先ずは、製作に携わることになった経緯からお聞かせください。


梶原氏 ひところ、売れるものがいいものという考えが広がり、それが嵩じて売れればいいということで、効率化が優先されていました。しかし、職人のこだわりもあり、本当にいいものを作りたい、という想いも持ち続けていました。そのような時に、柴田先生がコレクションを寄贈され、先達の心の入った器を一堂に見ることができ、作り手として共感できるところ多かったですね。
うちの職人には、贋物的な複製でなく、今の技術を使って、どこまでも本物に近づけるよう勉強して、技術に自信と誇りをもってほしいという思いで参加しました。

寺内氏 うちの窯は李参平が住んでいた所にあるので、もともと古伊万里に興味があり、窯業技術センターで初期伊万里の研究をしたり、柴田さんが基調講演をされた古伊万里研究会にも参加していたんですよ。ちょうど古伊万里研究会が終わった頃に、レプリカ製作の話しがあり、実際に古伊万里に触れて勉強ができるならと、一番に手を挙げました。

今村氏 私は有田窯業大学校を出て、ドイツに留学をして帰ってきたばかりの時でしたね。そのころは有田焼のことを余り知らず、どきどきしながら参加しました。私は青磁と瑠璃釉の陽刻がある猪口を選んだんですが、柴田先生から「どうしてそれを選んだの?」と聞かれて、「かわいいから」と答えたんですよ。うちでは絵付けをあまりしないんで、釉薬だけなら何とかなるんじゃないかと考えました。

― ここに当時の参加・製作条件を書いた資料があります。それによると原型をオリジナル製法にて製作できること、陶石の指定、無鉛の上絵具を使用、焼成時間の指定などがあります。現代の材料・技術をもって複製するという、難しい挑戦をなさったわけですが、どういうところにご苦労があったのでしょうか。
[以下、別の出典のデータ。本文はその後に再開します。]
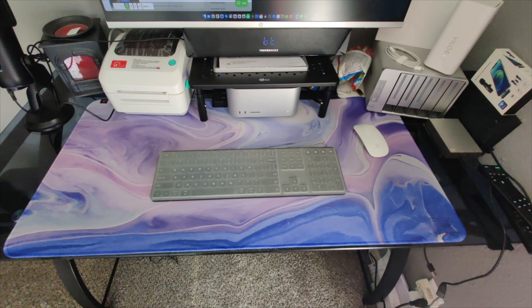Hey guys, welcome back. In today's video I'm going to be unboxing and reviewing this large gaming mouse pad. This one is a non-slip base, water resistant, and it is great for gaming. This is a 35 by 17.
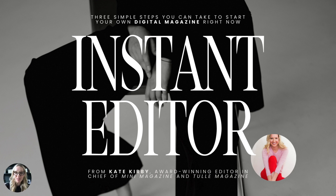Hi everybody and welcome to the Instant Editor Masterclass all about learning how to start your own digital magazine. In this masterclass we're going to go over three simple steps that you can use to start your own digital magazine right now, no matter where you are in the process.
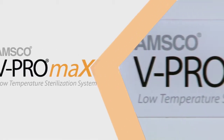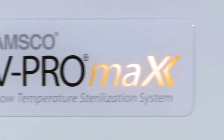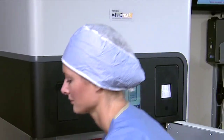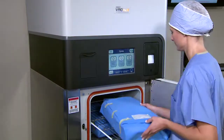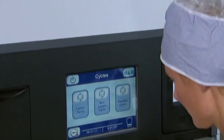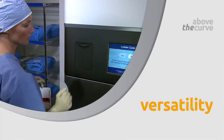Maximize your processing performance with the new AMSCO V-Pro Max Low Temperature Sterilization System from Steris. With its productive flexible cycle and an intuitive user interface, we designed the V-Pro Max to be above the curve in versatility.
今村氏 先ず私の場合は型をつくるために、九陶にある本物の唐草文の陽刻にタバコの透明のフィルムを押し当ててトレースをしました。それとサイズを測って設計図を起こして、トレースと一緒に型屋さんに渡したんですが、陽刻の深さや彫の入り方が違って上がってきたので、結局自分のところで作ったんですよ。

寺内氏 うちも幾つかは型屋さんに頼んだのですが、通常の注文のつけ方とは違うので、何でそんなことをするのかと言われもしましたが、無理を言いながらも、連係してやりました。

橋口氏 うちの場合は、型屋さんもこの企画を意気に感じてもらったおかげで、型は2回の試作でOKがでました。重さもピッタリでした。

今村氏 でも、ある時、型の話しになった時に、柴田先生から「型もできないようでは窯焼ではない」と厳しく言われましたね。

寺内氏 そうそう、そういうこともあったね。

今村氏 型ができる云々ではなく、あの時柴田先生は作る側の姿勢を言われたような気がしますね。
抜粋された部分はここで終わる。